Rob Verpaalen receives the DPI Thesis Award for his Phd Work on making commodity polymers stimuli-responsive!

29 november 2022

Smart Bulk plastic reacts to light, temperature and humidity.

Imagine that products have a longer shelf life because of smart packaging, that plastic robots are driven by their environment and that clothing adapts while being worn. In short; that you can make plastic smart so that the material reacts to its environment, for example by adjusting humidity, temperature or light. For his PhD research Rob Verpaalen looked at how you can produce bulk plastics without radically altering the current industrial processing processes.
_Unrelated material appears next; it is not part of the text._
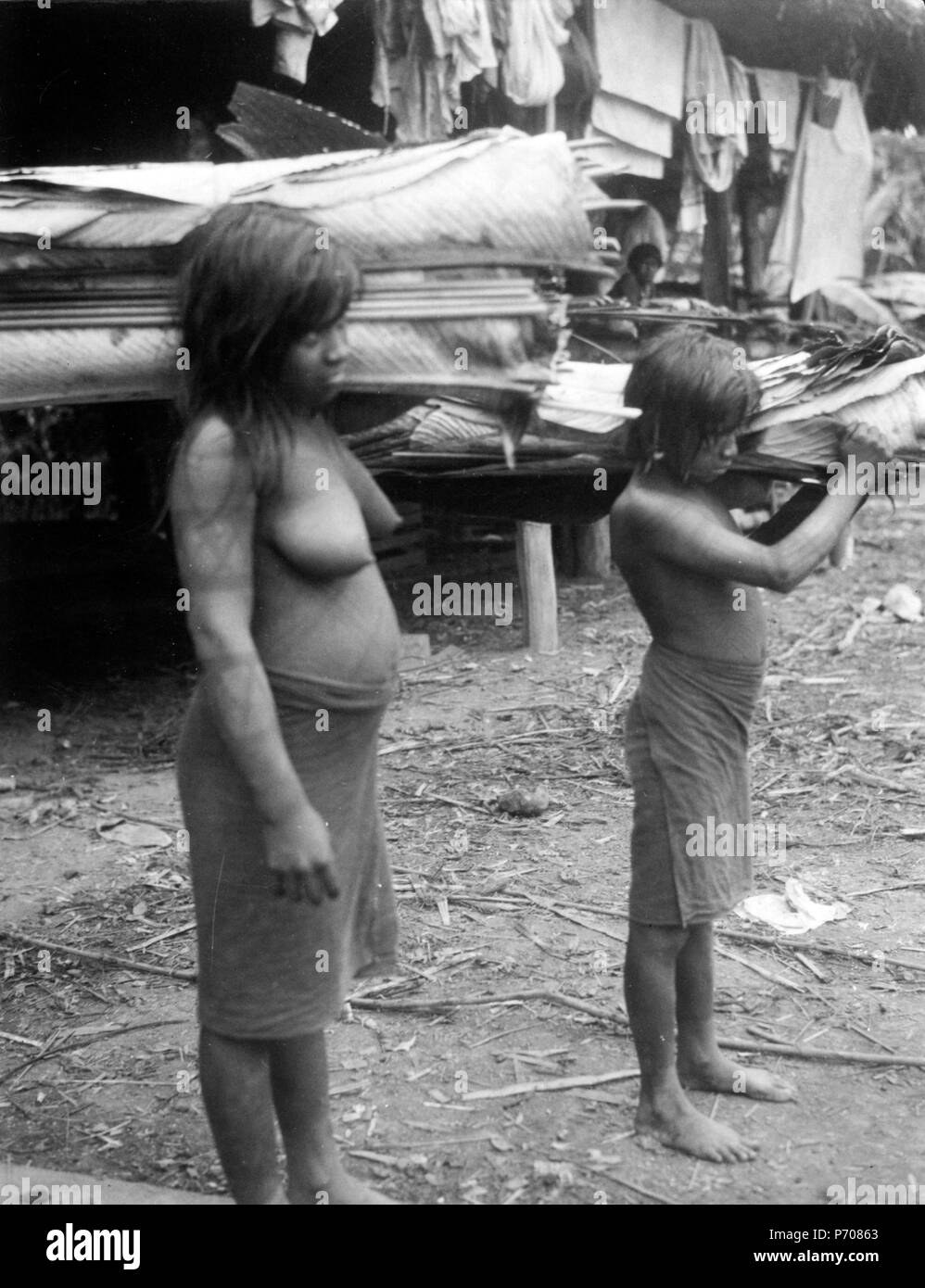 152 Kvinna och flicka, båda kroppsmålade, med blad. Rio Sambu. Panama -  SMVK - 004081 Stock Photo - Alamy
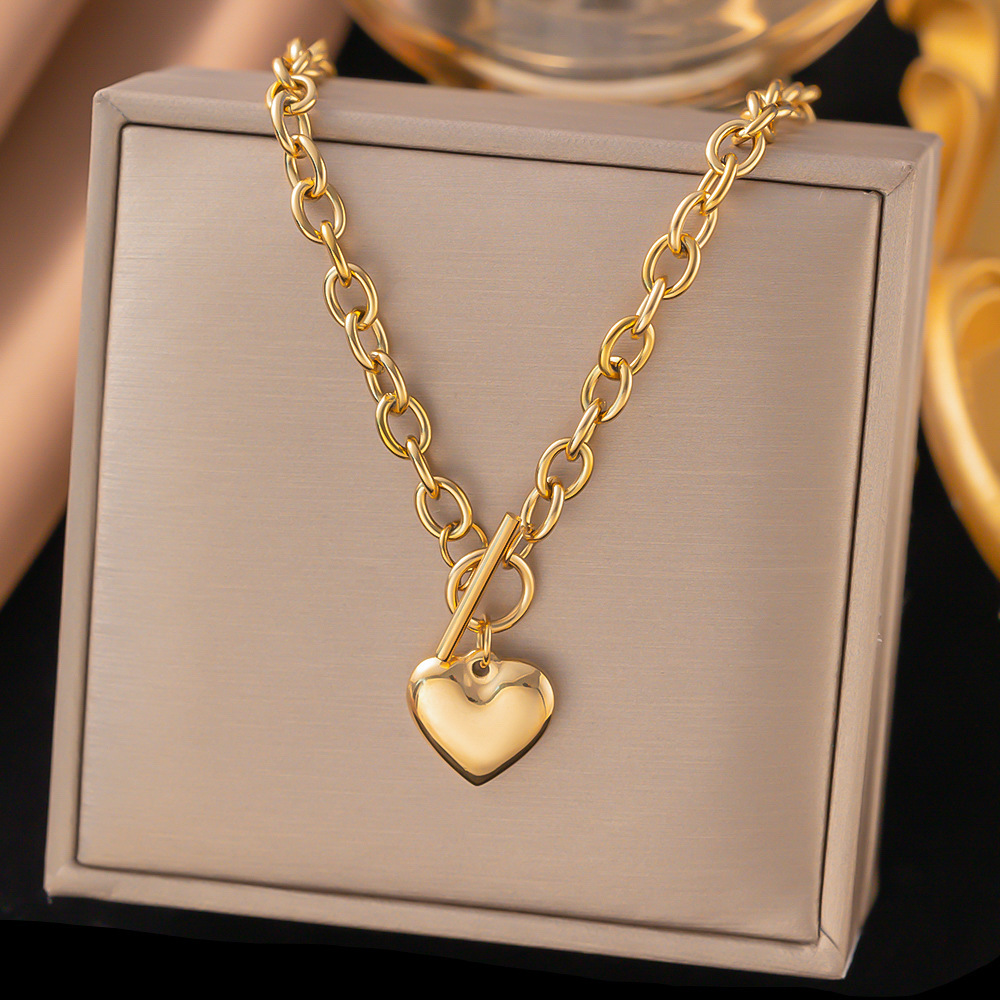 Women's Gender PVD Coated Real Gold Plated Geometric Heart Shape Titanium Steel Sweet Waterproof Non Tarnish Titanium Steel Pendant Necklace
He obtained his PhD on 22 September at the Department of Chemical Engineering and Chemistry.

Plastics are produced cheaply and in bulk quantities, think of packaging materials and textiles. If these conventional static plastics can be made responsive and therefore 'smart', this will lead to new materials and applications. The current industrial processing process is based on the materials polyethylene, polyamide 6 (PA6, Nylon) and polyethylene terephthalate (PET). To make these materials responsive, they are sprayed with coatings or mixed with additives.

Verpaalen investigated the influence of temperature and humidity incentives on the shape change in Nylon. He showed that bending only occurs thermally at elevated humidity. This shows that shape change can be programmed. In order to convert this simple bending to a more advanced shape change, Verpaalen used a special coating with a spiral staircase structure. By varying the coating thickness, the material no longer bends, but instead forms a curl. 

CHANGING SHAPE BY LIGHT

Verpaalen then combined a thermoplastic PET substrate with a responsive coating. This created a reprogrammable, light-sensitive and shape-changing plastic. These so-called bilayer actuators react quickly, reversibly and locally under the influence of ultraviolet and visible light. The new plastic even shows several different shape changes in one actuator.

Light sensitive actuators are also developed by adding unique light sensitive azobenzene molecules (with PE side groups) to ultra high molecular weight polyethylene. The highly oriented plastic films then generate exceptionally high voltages, similar to metallic actuators, under the influence of ultraviolet and visible light.

Title of PhD thesis: Stimuli-Responsive Commodity Polymers. Supervisors: A.P.H.J. Schenning, M.G. Debije, C.W.M. Bastiaansen, Laboratory of Stimuli-responsive Functional Materials & Devices (SFD), Eindhoven University of Technology. T.A.P. Engels, Materials Technology Institute (Polymer Technology), Eindhoven University of Technology.